Well, it is, but right now peacefulness comes from knowing the ongoing fraught dramas are none of my making.
A friend came around and dug out an overgrown clump of wild ornamental ginger. My small brown foxy terrier The Chub sat looking on sadly because this has been her private ‘jungle’ for hunting frogs and big rain spiders. I’m wondering if I can put in a mulberry tree — it is too close to the house for another fig tree.
The season’s wheel slowly turning towards autumn and winter though our hottest months are yet to come. But the summer is burning itself out,grasses bleaching, foliage darkening, sap falling, the juiciness going out of the summer.
End of year rituals: great joyous festive lunch with friends up from the coast, much laughter and conversation. I put acid-blue hydrangeas all around the house and set out white candles in glass with LED lights around, very pretty. Shining glass, white candles, a sheen on everything in the cool interiors. Outside the day blazing, not a breath of wind and the cooing lament of turtledoves incessant as cicadas thrumming from trees. In the evening, the flickering light on old walls and starlight gentle in the garden.

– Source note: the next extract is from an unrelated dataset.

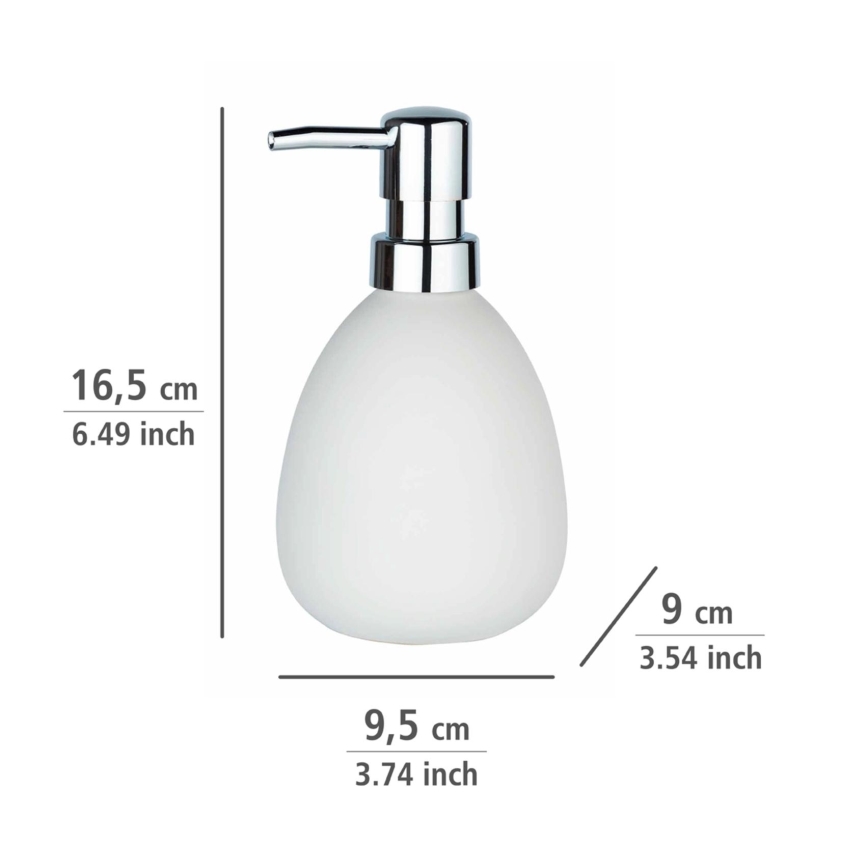 WENKO 24011100 - Dávkovač mýdla POLARIS 390 ml bílá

In search of daily illumination and acceptance. From Tom Gardner’s Poverty Creek:
Finishing up the run this morning, cresting the ridge above the pond into a sudden blinding sun reflecting off the ice. As if the light were alive, preparing to speak. And then turning ordinary again as I came down the ridge and the angle changed and the light pulled back into itself. My right calf is still a little stiff from where I strained it last week doing mile repeats in the cold. Just enough to not let me out of my body. When Emily Dickinson writes about Jacob, she never mentions his limp, even though that awareness of limits is everywhere in her work. Instead, she writes about his bewilderment—Cunning Jacob, refusing to let go until he had received a blessing and then suddenly realizing, as “Light swung . . . silver fleeces” across the “Hills beyond,” that he had been wrestling all night with God. He had seen God’s face and lived. The limp is what we take away. It means there must be a way back. It almost goes without saying.